The MI300X has gained adoption at major cloud providers including Microsoft Azure and Oracle Cloud. In benchmarks, it matches or exceeds the H100 for LLM inference throughput in many configurations, particularly for large batch sizes where its memory capacity advantage allows larger batch processing.

At $15,000 to $20,000 per card, the MI300X targets data center and enterprise deployments. Its ROCm software stack is well-supported at this tier, with AMD providing direct technical support for enterprise customers. The experience is substantially more polished than consumer ROCm.

Framework Compatibility Status

PyTorch: Fully supported on ROCm with official builds. Most operations work correctly. Occasional issues with custom CUDA extensions that have not been ported to HIP. Performance is typically within 10 to 20 percent of equivalent NVIDIA hardware.

llama.cpp: Good ROCm support through the hipBLAS backend. Inference performance is competitive with CUDA for most model sizes. The community has been active in improving AMD compatibility, and most common models work without issues.

Ollama: Supports AMD GPUs on Linux and Windows. The experience is close to NVIDIA in terms of ease of use, though initial setup requires ROCm driver installation which adds complexity compared to NVIDIA's CUDA installer.

vLLM: ROCm support has matured from experimental to usable for production workloads. Performance for LLM serving is within 15 to 25 percent of NVIDIA equivalents. Some advanced features (like speculative decoding) may lag in AMD optimization.

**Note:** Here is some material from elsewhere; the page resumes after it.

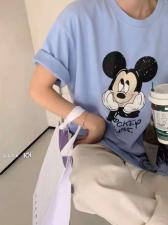 【现货】春装新款短袖T，女装，浪漫E点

Hugging Face Transformers: Works with PyTorch ROCm builds. Most models and operations function correctly. Some quantization libraries (like bitsandbytes) have limited or no AMD support, requiring alternative quantization approaches.

When to Choose AMD

AMD GPUs make sense in several scenarios. If you need maximum VRAM per dollar, the RX 7900 XTX at 24 GB for $700 beats the RTX 4090's 24 GB at $1,600, assuming you are comfortable with ROCm setup. If you need extreme VRAM capacity, the MI300X at 192 GB is unmatched. If you are running a cloud service and want to reduce per-GPU licensing costs, AMD's open-source software stack avoids some of the vendor lock-in associated with CUDA.

AMD GPUs are not recommended for users who want a plug-and-play experience, need to use CUDA-specific libraries without HIP equivalents, or are new to Linux system administration. The time spent troubleshooting software compatibility can offset the hardware cost savings, particularly for small deployments where your time has high opportunity cost.